3.3. The Severe Leukaemia Conditions Show an Increase in MPL-FL Isoforms

Even though we have confirmed the link between c-MPL expression and leukaemia, we demonstrated in the previous section that there is no correlation between total c-MPL expression and leukaemia severity. All leukemic cell lines showed high c-MPL expression relative to control cells, but only HL60 exhibited marked severity. To address the variations in severity, we focused on the expression status of c-MPL isoforms, mainly c-MPL-FL (full-length) and c-MPL-TR (truncated) instead of the total c-MPL. Studies have shown that the stoichiometric balance between c-MPL-FL and c-MPL-TR isoforms regulates hematopoiesis, i.e., the more the c-MPL-FL isoform, the more the proliferation of the hematopoietic stem cells and hence the severity of the leukemic condition [32]. We identified four isoforms of c-MPL through western blot analysis and found that c-MPL-FL expression was notably greater in the HL60 cells compared to other cell lines (Figure 3 A).

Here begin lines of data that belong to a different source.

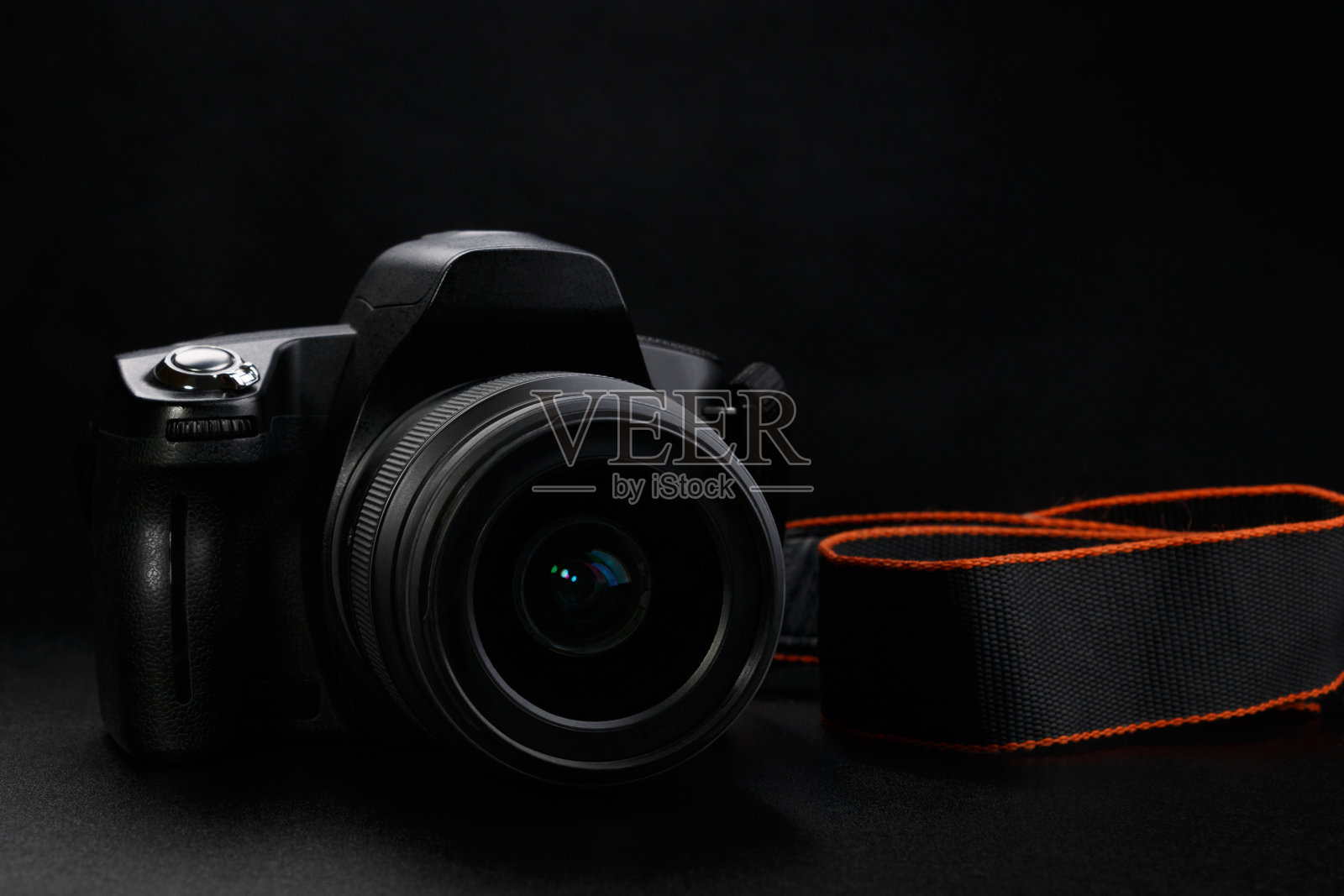 黑色背景的专业数码单反相机照片摄影图片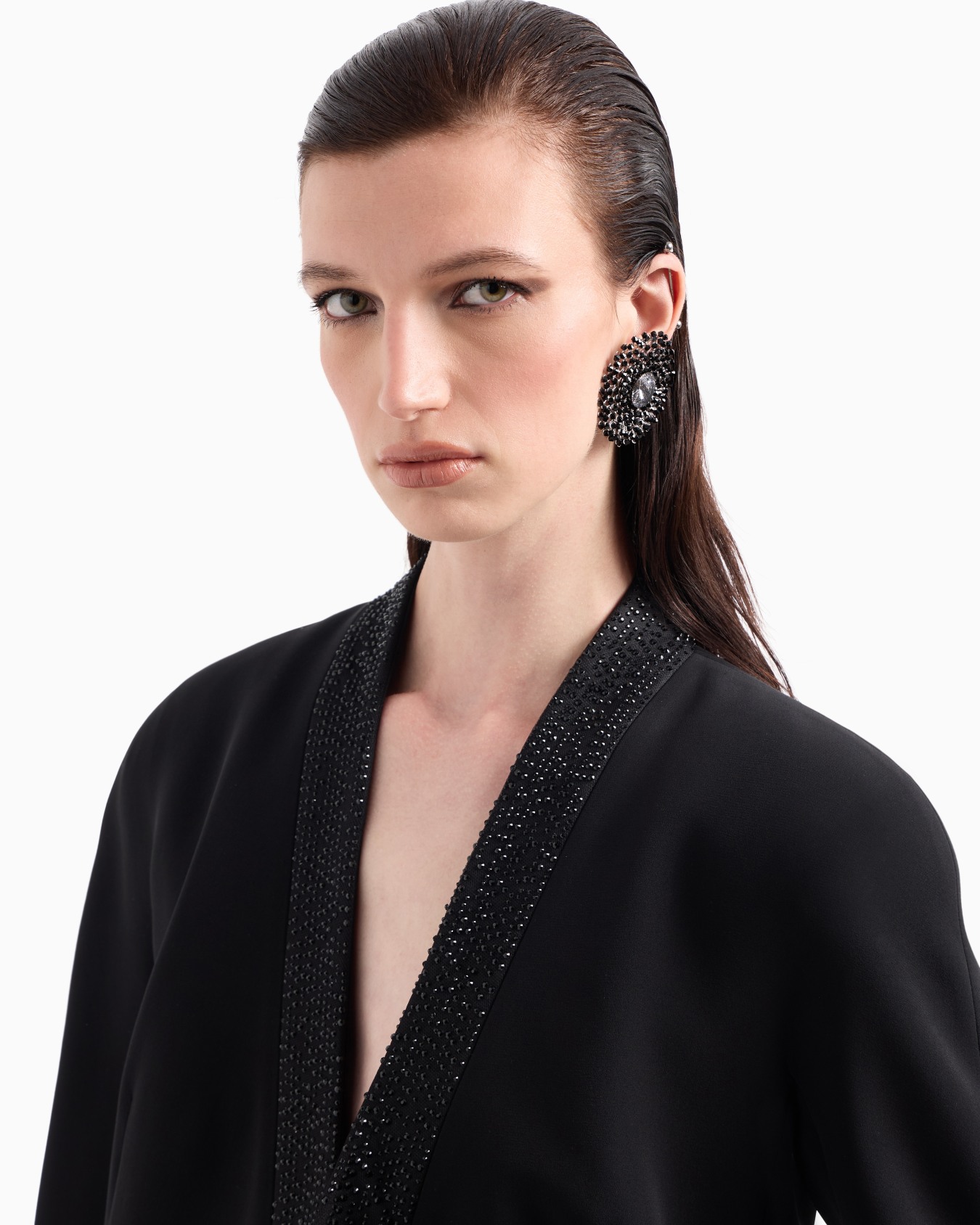 Metal and bead clip-on earrings Slide 2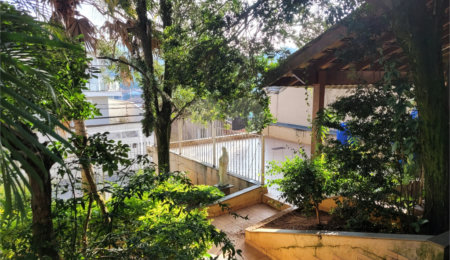 Sobrado à venda com 4 quartos, sendo 3 suítes,  em Horto, São Paulo, SP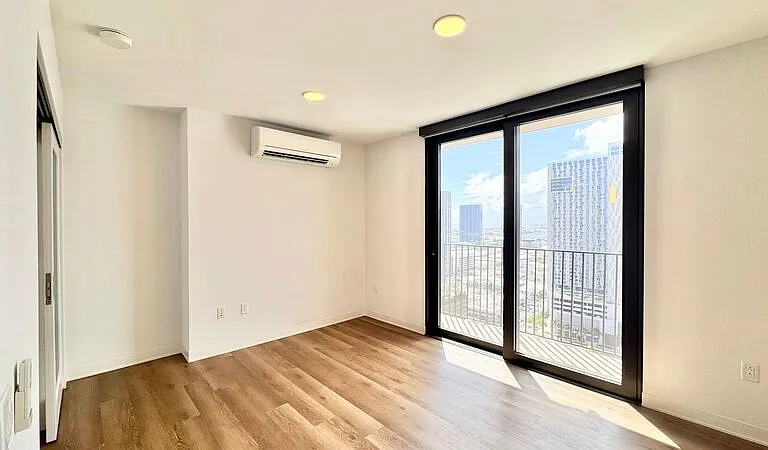 987 Queen St #2511 — Photo 3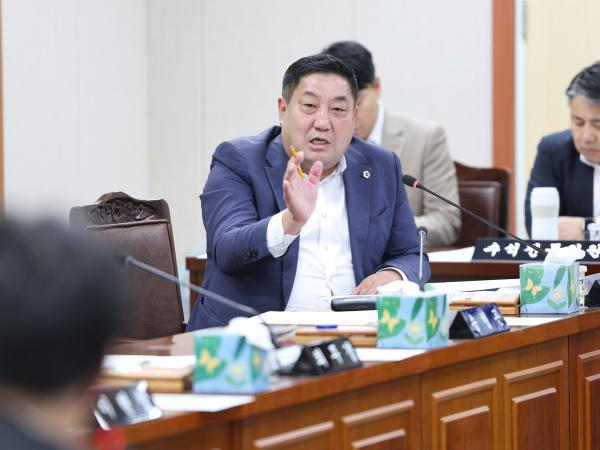 11월07일 제395회 제2차 정례회 안전건설소방위원회 행정사무감사 및 회의 (27) 3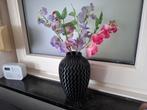 Mooie plastic vaas, Huis en Inrichting, Woonaccessoires | Vazen, Ophalen of Verzenden, Zo goed als nieuw, Zwart, Minder dan 50 cm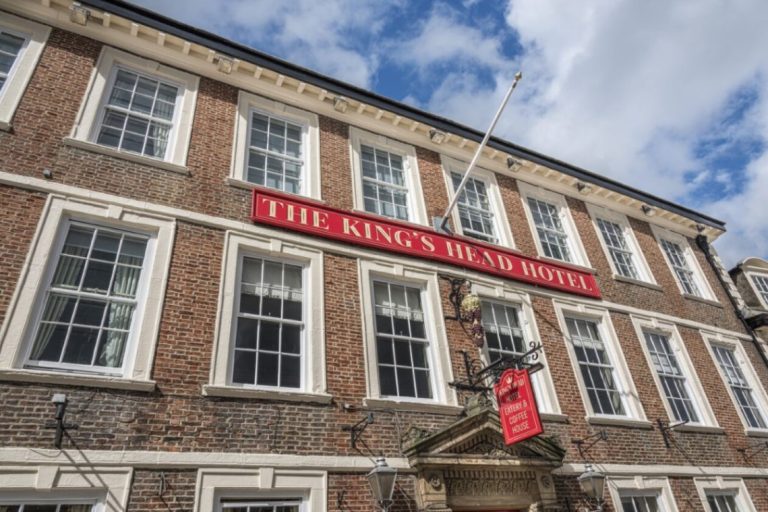 fc9a670d 4e2d 49e2 860b 48fdadbe6945 1 768x512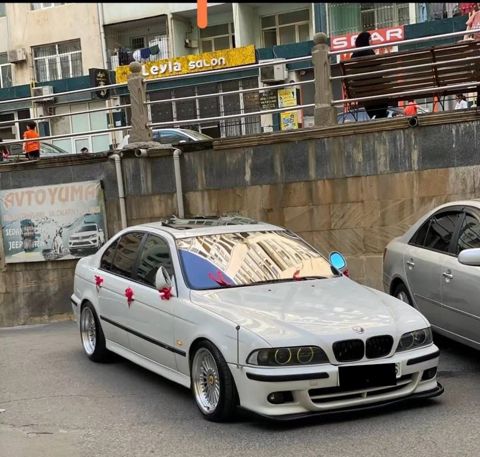 BMW 523, 2.5 L, 1998 il, 450 000 km — Bakı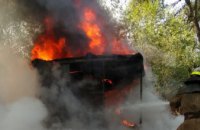 В Днепропетровской области спасатели около часа тушили пожар в гараже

Furthermore, c-MPL-FL was greater than c-MPL-TR in all the leukaemia lines. Specifically, c-MPL-FL levels were significantly elevated in the HL60 cell line compared to the other leukaemia cell lines (Figure 3. A, B). These data also confirmed that the ratio of c-MPL-FL to c-MPL-TR is greater in the HL60 cell line than in the other leukaemia lines or in the noncancerous line. In the previous section, we confirmed that the HL60 cell line shows the most severe leukemic condition compared to the other leukemic cell lines. This suggests that elevated c-MPL-FL expression correlates with increased STAT5 activation and proliferative potential, particularly in HL60 cell line. To further confirm these findings, we performed RT-PCR analysis of c-MPL isoforms with isoform-specific primers (Table. 2). The results showed that the expression of c-MPL, particularly c-MPL-FL transcripts, was greater in HL60 and Jurkat leukaemia cell lines among all the other leukaemia cell lines, confirming the western blot results and the statement that the c-MPL-FL isoform might play the role of bringing in severity in leukaemia (Figure 3 C). Conversely, the experiments show that the expression of the truncated isoform c-MPL-TR was significantly lower. This increase in the imbalance between the expression of c-MPL isoforms contributes to the aggressiveness of leukaemia.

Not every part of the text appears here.